Once the site was vacated, two types of buildings were identified. Where the detainees-disappeared were held, i.e. the Officers' Casino, which would fulfill the function of being a "testimony'' of the place as a historical site. And the buildings in which there were no detainees-disappeared persons. This organization made possible different projects of use, intervention and building reconditioning.


The building of the Officers' Casino, being the place of confinement of the detainees-disappeared, remained empty and unchanged fulfilling a testimonial function, in which conservation tasks, survey of building marks and signaling of the operation of the place as a clandestine detention center were privileged. In 2008 the Officers' Casino was declared a National Historic Monument.


The “Museo Sitio ESMA – ex Centro Clandestino de Detención, Tortura y Exterminio” was inaugurated in 2015, when a museum setting was installed based on the testimonial voice of the survivors, their stories were extracted from the court cases that have condemned the repressors because the legitimacy of these experiences was proven by the judicial apparatus, particularly in the Trial of the Juntas and the First Trial of the Megacausa ESMA in 2010.

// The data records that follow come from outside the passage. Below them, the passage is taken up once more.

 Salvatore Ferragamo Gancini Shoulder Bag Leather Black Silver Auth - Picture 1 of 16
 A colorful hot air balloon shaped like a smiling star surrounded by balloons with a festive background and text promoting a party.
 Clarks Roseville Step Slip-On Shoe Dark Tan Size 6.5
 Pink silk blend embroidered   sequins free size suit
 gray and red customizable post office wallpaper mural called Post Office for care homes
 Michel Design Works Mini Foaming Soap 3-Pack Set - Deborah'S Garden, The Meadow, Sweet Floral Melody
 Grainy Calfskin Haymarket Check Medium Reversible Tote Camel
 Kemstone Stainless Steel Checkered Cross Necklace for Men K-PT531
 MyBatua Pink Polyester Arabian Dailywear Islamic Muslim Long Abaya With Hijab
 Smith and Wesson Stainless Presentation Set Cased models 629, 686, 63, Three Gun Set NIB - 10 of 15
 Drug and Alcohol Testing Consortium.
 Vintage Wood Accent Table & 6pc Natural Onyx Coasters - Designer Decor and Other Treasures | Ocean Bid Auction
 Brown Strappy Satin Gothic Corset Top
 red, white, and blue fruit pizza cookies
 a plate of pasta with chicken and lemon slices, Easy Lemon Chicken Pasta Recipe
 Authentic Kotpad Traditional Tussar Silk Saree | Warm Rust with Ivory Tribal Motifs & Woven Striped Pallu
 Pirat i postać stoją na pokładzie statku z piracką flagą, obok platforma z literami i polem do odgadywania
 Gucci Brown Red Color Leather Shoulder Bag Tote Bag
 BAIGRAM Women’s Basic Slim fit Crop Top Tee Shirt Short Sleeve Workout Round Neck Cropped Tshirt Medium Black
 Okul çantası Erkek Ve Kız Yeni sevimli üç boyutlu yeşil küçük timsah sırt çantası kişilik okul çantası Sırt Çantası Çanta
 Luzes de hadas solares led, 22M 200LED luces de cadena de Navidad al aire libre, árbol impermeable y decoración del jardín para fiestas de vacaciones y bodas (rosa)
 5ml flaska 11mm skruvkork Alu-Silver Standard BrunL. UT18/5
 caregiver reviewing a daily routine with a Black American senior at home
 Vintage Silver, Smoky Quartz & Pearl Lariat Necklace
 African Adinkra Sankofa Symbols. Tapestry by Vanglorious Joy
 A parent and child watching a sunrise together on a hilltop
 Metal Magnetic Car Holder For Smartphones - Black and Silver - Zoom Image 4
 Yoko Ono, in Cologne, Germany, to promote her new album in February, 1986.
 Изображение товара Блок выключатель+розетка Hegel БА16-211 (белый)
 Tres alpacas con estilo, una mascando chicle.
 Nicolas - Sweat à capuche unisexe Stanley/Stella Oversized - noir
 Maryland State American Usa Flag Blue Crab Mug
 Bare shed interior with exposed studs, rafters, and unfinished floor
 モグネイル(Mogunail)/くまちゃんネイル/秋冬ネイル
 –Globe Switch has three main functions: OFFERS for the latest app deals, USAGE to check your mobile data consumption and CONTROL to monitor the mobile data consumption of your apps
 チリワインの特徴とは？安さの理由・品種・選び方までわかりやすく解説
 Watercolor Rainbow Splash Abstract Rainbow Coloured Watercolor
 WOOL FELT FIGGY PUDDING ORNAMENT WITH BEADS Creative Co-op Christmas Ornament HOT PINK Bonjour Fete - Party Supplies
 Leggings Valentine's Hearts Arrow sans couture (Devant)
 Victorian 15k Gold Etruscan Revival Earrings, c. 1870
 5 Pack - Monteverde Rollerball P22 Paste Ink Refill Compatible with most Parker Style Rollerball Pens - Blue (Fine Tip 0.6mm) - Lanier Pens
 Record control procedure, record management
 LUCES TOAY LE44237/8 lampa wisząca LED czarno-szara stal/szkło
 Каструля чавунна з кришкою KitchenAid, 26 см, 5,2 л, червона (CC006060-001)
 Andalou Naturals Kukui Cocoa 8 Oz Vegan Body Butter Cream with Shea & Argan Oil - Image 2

During the same year, the process of candidacy of the Museo Sitio de Memoria for inscription on the UNESCO World Heritage of Humanity list began. Both processes were marked by the imminent change of government, the triumph of the Alianza Cambiemos (whose president was Mauricio Macri) and the growing visibility of negationist discourses and interventions in the public arena that attempted to question the constructed meanings of the recent past and memory policies.


The rest of the buildings were ceded to human rights organizations (Mothers of Plaza de Mayo, Grandmothers, HIJOS, Association of Relatives of the Disappeared and Political Detainees, Association of Former Disappeared Detainees, Open Memory Association, among others), government agencies (National Human Rights Secretariat, National Archive for Memory, National Institute of Indigenous Affairs), and international organizations linked to human rights issues (such as the MERCOSUR Institute of Public Policies on Human Rights). Since then, museums, archives, cultural centers, political training spaces, work offices of different institutions, television channels and artistic exhibition spaces have been created in these buildings.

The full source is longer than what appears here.